Cette affirmation a été faite dans le cadre d’une série d’interviews qu’il a accordées à des radiodiffuseurs amis depuis qu’il est devenu le candidat présomptif de son parti, y compris une rencontre avec le leader britannique de droite Nigel Farage.

Certains alliés de l’ancien président affirment que le fait d’organiser moins de rencontres lui permet non seulement d’économiser de l’argent, mais aussi de limiter les occasions où il pourrait s’écarter du scénario et dire quelque chose qui pourrait aliéner les électeurs de la droite.

La campagne a toutefois rejeté cette idée et a déclaré qu’elle n’avait pas l’intention de mener le type de «campagne de sous-sol» que les collaborateurs de M. Trump avaient reproché à M. Biden en 2020, au plus fort de la pandémie de COVID-19.

M. Trump avait alors fait fi des conseils des experts en santé publique de son propre gouvernement en matière de distanciation sociale et de port de masques, organisant des rassemblements et des événements à la Maison-Blanche avant que les vaccins ne soient disponibles, comme une réception pour son candidat à la Cour suprême qui est devenue un événement de super propagation. 

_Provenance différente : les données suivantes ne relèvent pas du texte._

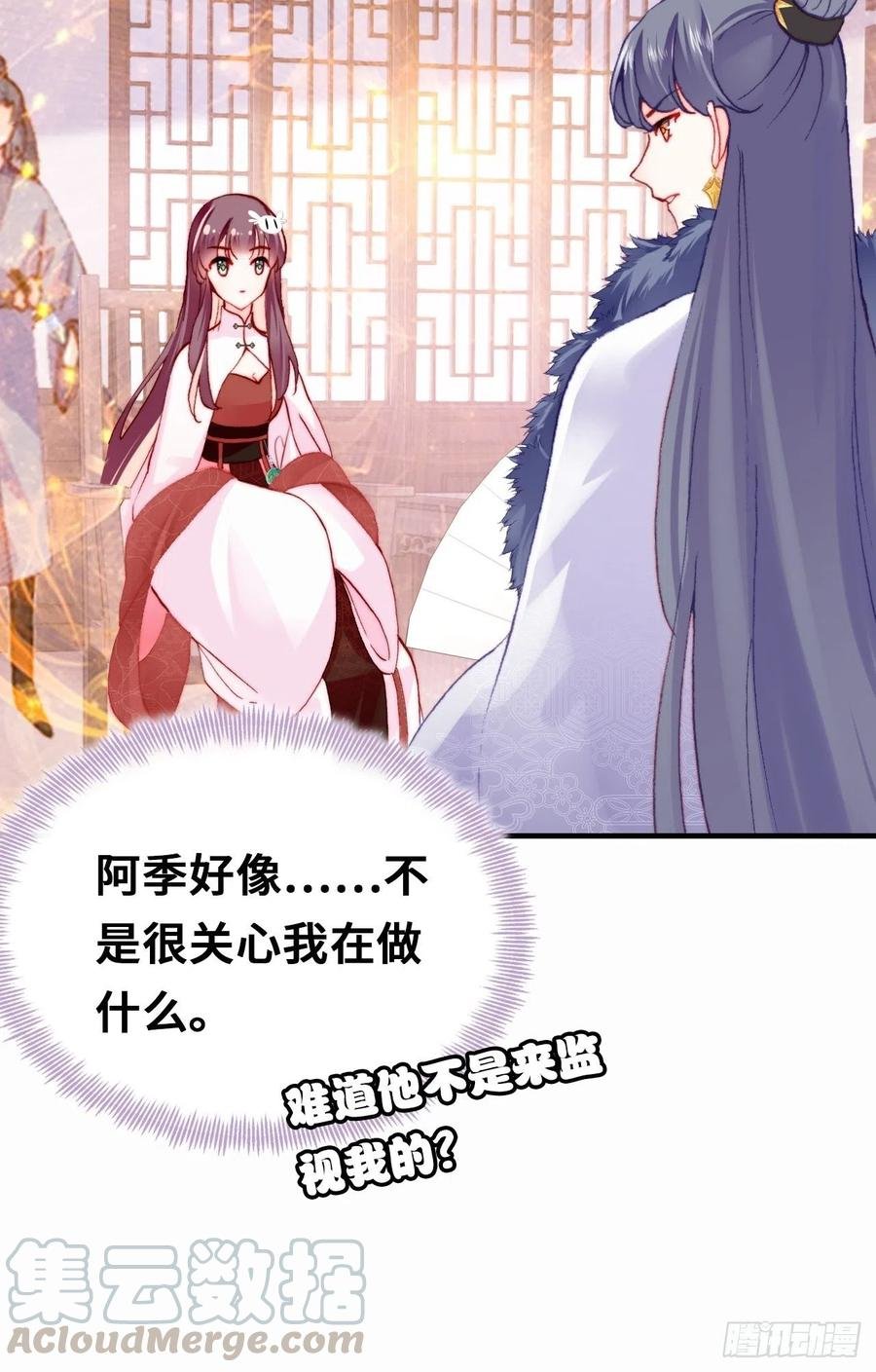 42、无有阁主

M. Biden a également recueilli des dizaines de millions de dollars pour sa campagne au cours des dernières semaines. Jeudi, il collectera encore plus de fonds lors d’un événement conjoint avec les anciens présidents Barack Obama et Bill Clinton à New York, qui pourrait battre les records de collecte de fonds du parti pour un seul événement.

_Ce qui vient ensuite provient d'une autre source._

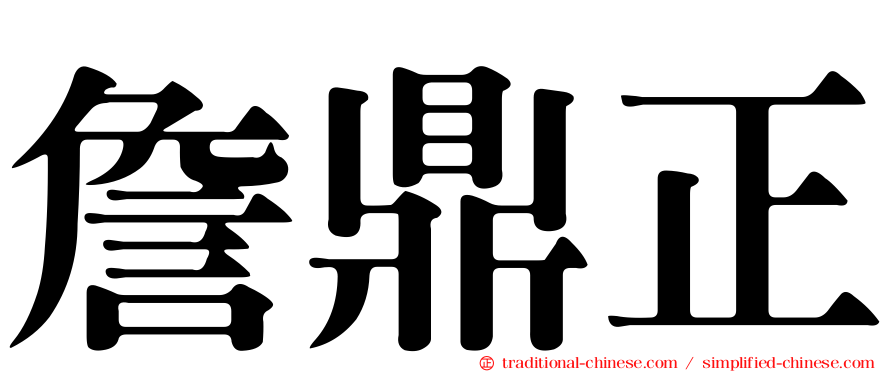 詹鼎正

Par ailleurs, il privilégie les événements plus petits et plus intimes : il se joint à une famille pour un repas à la table de la cuisine, se rend dans de petites entreprises et rencontre ses partisans dans leur jardin.

À l’instar de celle de M. Trump, sa campagne remet en question l’utilité des rassemblements coûteux à produire à une date aussi éloignée du jour de l’élection. Elle s’interroge en outre sur sa capacité à remplir une salle, compte tenu du manque d’enthousiasme des démocrates et des protestations des électeurs mécontents de son soutien à la guerre menée par Israël contre le Hamas.

Les petits événements sont conçus pour produire de courts moments sur les médias sociaux qui trouvent un écho en ligne auprès des électeurs ciblés par M. Biden et qui touchent des publics qui n’auraient probablement pas pu assister à des arrêts de campagne plus conventionnels.

La semaine dernière, il a rencontré plusieurs dizaines de sympathisants à Reno, dans le Nevada, au centre du seul comté de l’État à avoir une influence, avant de se rendre dans le centre-sud de Phoenix, où il s’est mêlé à environ 80 personnes dans un célèbre restaurant mexicain, alors que sa campagne lançait une coalition appelée «Latinos con Biden-Harris», ou «Les Latinos avec Biden-Harris».

«J’ai besoin de vous, j’ai besoin de votre aide », leur a dit M. Biden. Écoutez, il n’y a que six ou sept États qui vont déterminer l’issue de cette élection. Ce sont des États à bascule, et (l’Arizona) est l’un d’entre eux.»